Pero el pensamiento de Enrique se ha desviado.

—Cromwell, ¿qué significa cuando una mujer da vueltas y vueltas en la cama? ¿Y se ofrece de una forma y de otra? ¿Qué tiene en la cabeza para hacer algo así?

Sólo hay una respuesta. La experiencia, señor. De los deseos de los hombres y de los suyos propios. No hace falta decirlo.

—Una forma es apta para la procreación de hijos —dice Enrique—. El hombre yace sobre ella. La Santa Iglesia lo sanciona, los días permitidos. Algunos eclesiásticos dicen que, aunque sea una cosa lamentable que un hermano copule con una hermana, es más lamentable aún que una mujer se coloque a horcajadas sobre un hombre, o que un hombre cubra a una mujer como si fuese una perra. Por estas prácticas, y otras que no nombraré, fue destruida Sodoma. Temo que cualquier cristiana o cristiano esclavizado por tales vicios debe ser juzgado: ¿qué pensáis vos? ¿Dónde adquiriría una mujer, no criada en un prostíbulo, conocimiento de esas cosas?

—Las mujeres hablan entre ellas —dice él—. Lo mismo que hacen los hombres.

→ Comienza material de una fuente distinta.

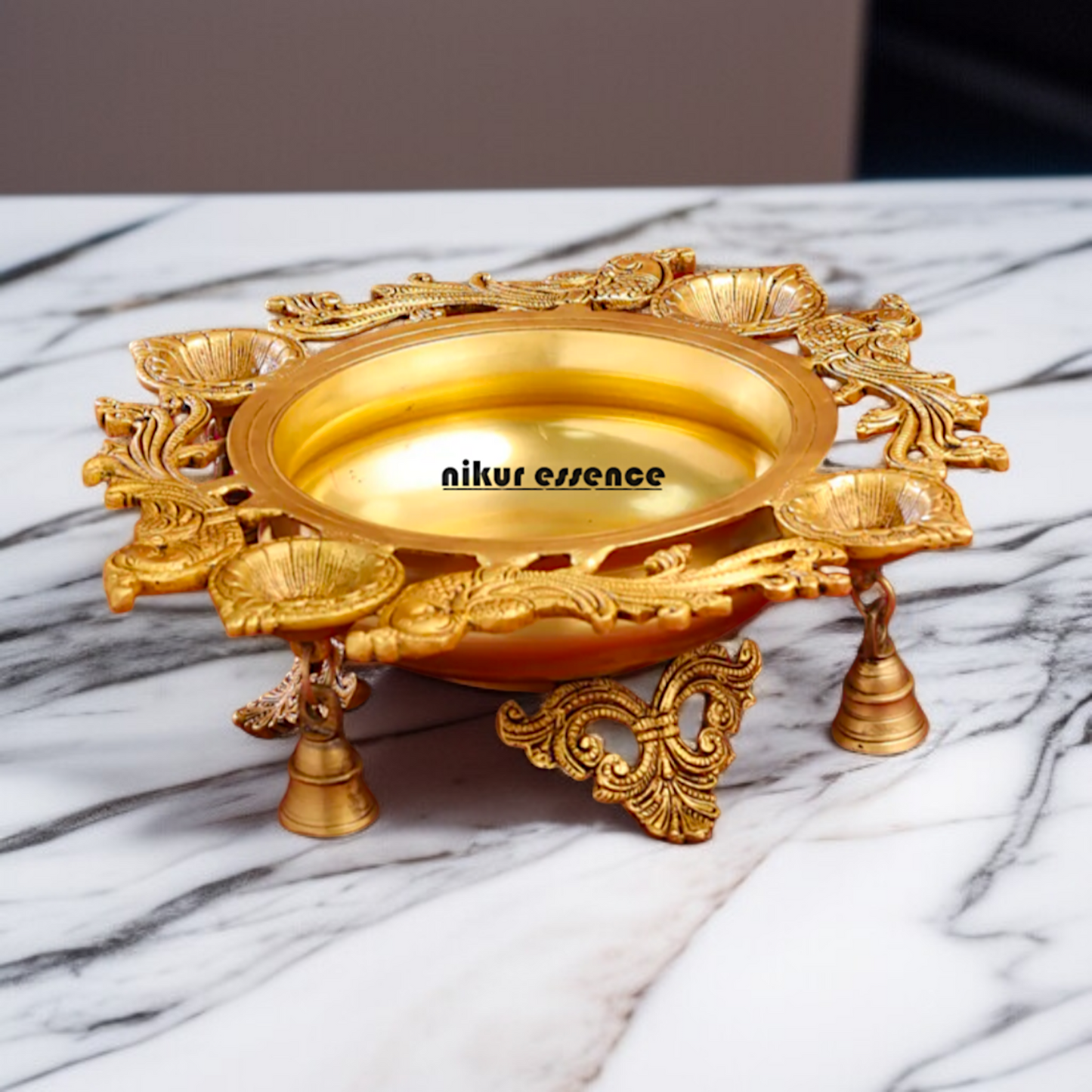 Brass Peacock Urli with 4 diya Nikuressence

—Pero ¿una matrona seria y piadosa, cuyo único deber es conseguir un hijo?

—Supongo que ella podría querer atraer el interés de su buen marido, señor. Para que no se aventurase a ir al París Garden o algún otro lugar de mala reputación. Si, digamos, llevaban mucho casados.

—Pero ¿tres años? ¿Es tanto eso?

—No, señor.

—No son siquiera tres.

Por un momento el rey ha olvidado que no estamos hablando de él, sino de algún inglés teórico temeroso de Dios, algún guardabosques o algún labrador.

—¿De dónde sacaría la idea? —insiste—. ¿Cómo sabría qué le gustaría al hombre?

Él se calla la respuesta obvia: tal vez ella habló con su hermana, que estuvo primero en el lecho de él. Porque ahora el rey se ha ido de Whitehall y ha vuelto al campo, al tosco campesino de manos callosas y su esposa de cofia y delantal: el hombre que se santigua y pide permiso al papa antes de apagar la luz y montar sombríamente a su esposa, ella con las rodillas apuntando a las vigas del techo y él moviendo el trasero. Después, esta pareja piadosa se arrodilla al pie de la cama: se unen los dos en oración.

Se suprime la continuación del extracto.